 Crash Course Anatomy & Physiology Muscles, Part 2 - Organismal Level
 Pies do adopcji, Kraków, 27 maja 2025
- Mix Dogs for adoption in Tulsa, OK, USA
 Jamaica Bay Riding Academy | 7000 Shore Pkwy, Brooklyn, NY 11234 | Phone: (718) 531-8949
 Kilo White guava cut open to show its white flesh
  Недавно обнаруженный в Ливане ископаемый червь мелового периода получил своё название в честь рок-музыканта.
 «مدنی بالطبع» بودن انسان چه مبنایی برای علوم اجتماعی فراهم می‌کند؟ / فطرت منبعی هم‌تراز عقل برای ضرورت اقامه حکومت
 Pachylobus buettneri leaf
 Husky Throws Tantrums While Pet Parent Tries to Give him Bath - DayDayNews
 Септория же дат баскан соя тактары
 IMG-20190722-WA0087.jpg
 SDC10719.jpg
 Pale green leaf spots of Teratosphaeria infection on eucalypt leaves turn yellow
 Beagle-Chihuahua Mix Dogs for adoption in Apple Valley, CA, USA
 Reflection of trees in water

* * *

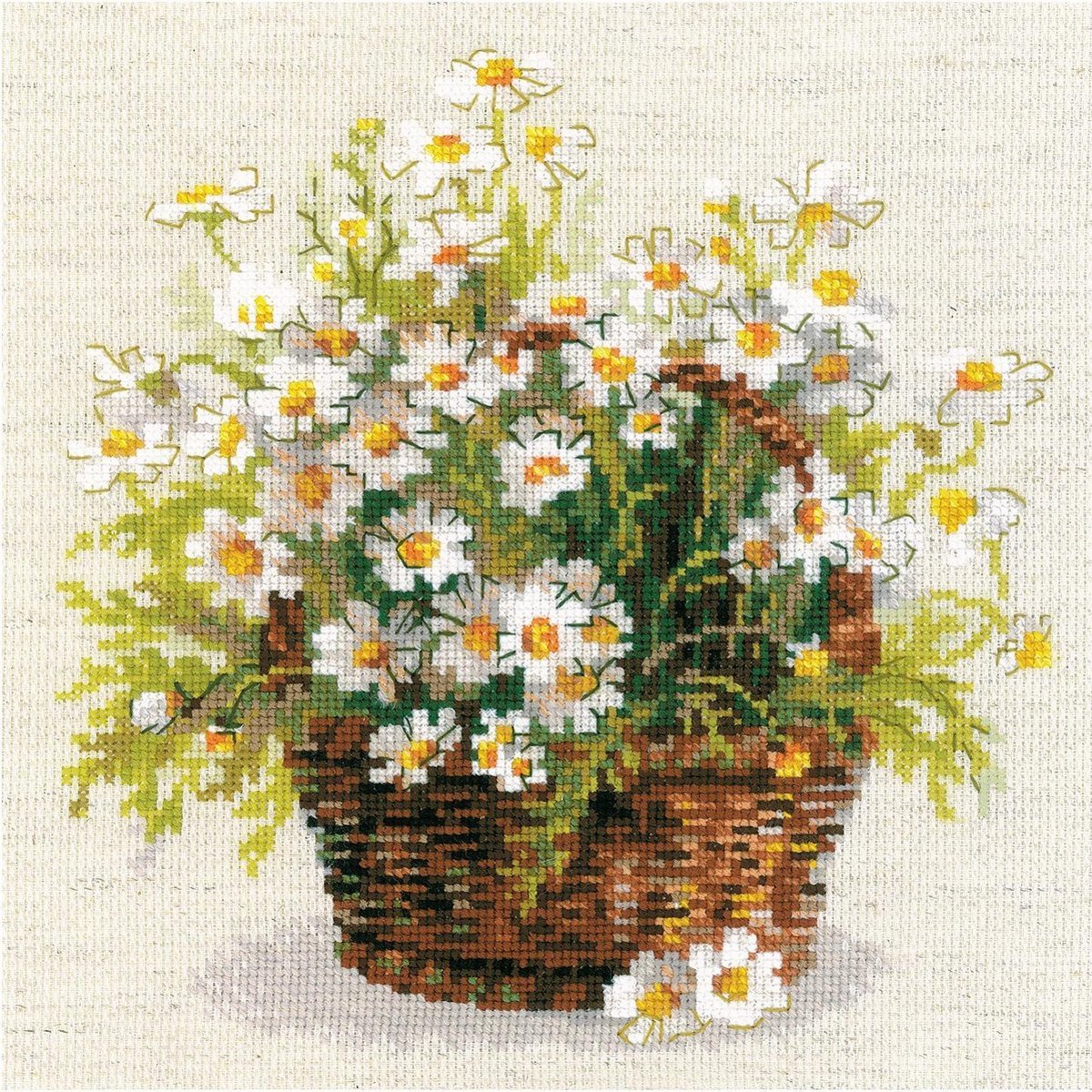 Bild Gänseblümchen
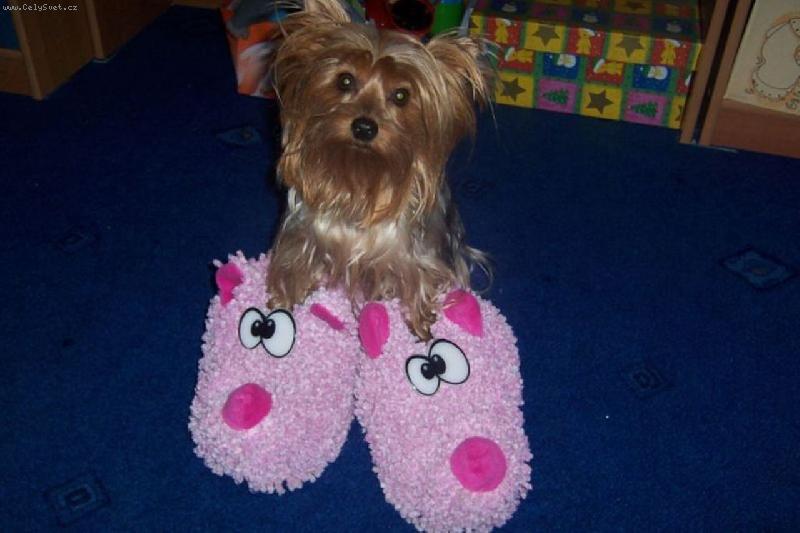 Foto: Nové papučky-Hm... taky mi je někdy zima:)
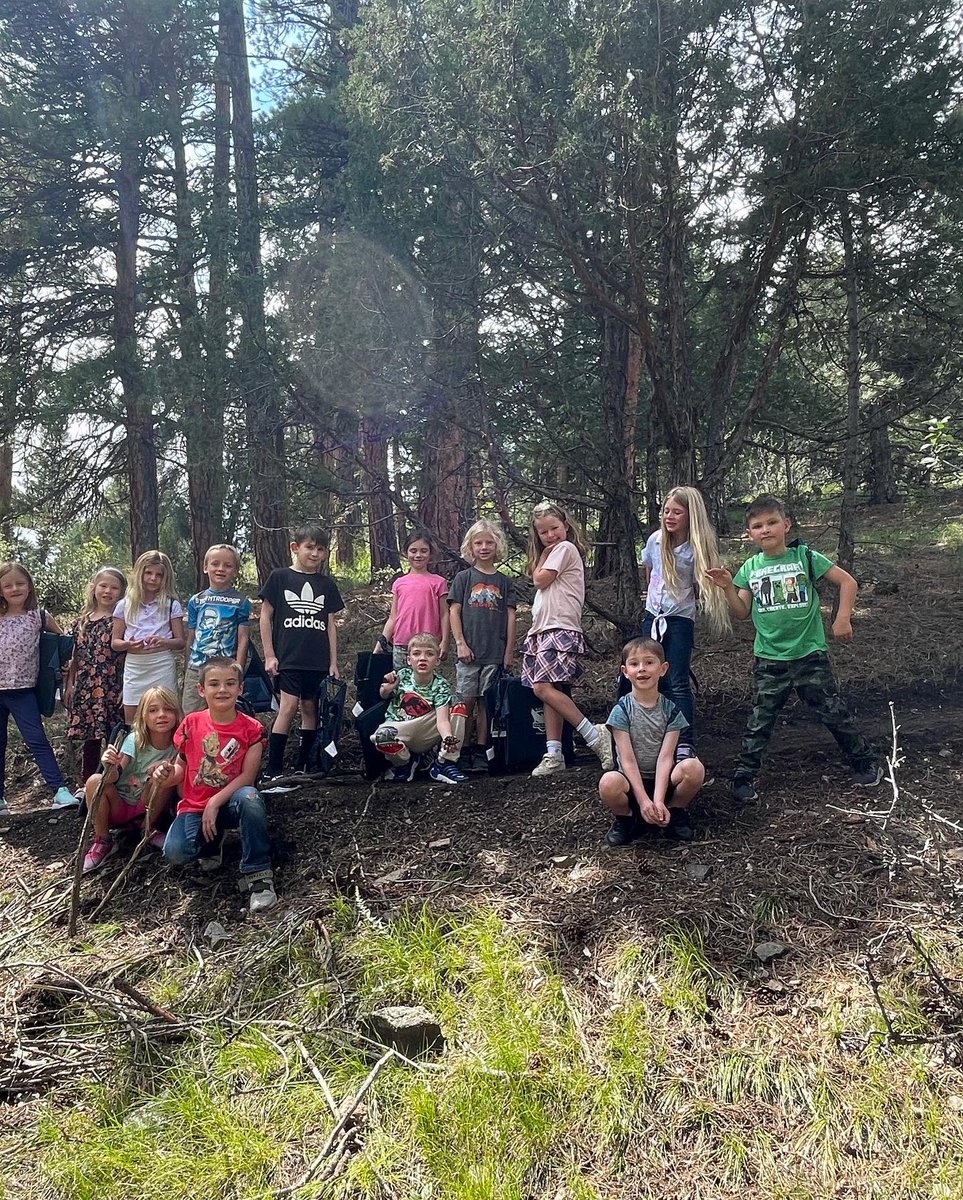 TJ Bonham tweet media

◆ What you should do
Gather all lines from the records above in which "Dogs" appears.

◆ Task response
- Mix Dogs for adoption in Tulsa, OK, USA
 Beagle-Chihuahua Mix Dogs for adoption in Apple Valley, CA, USA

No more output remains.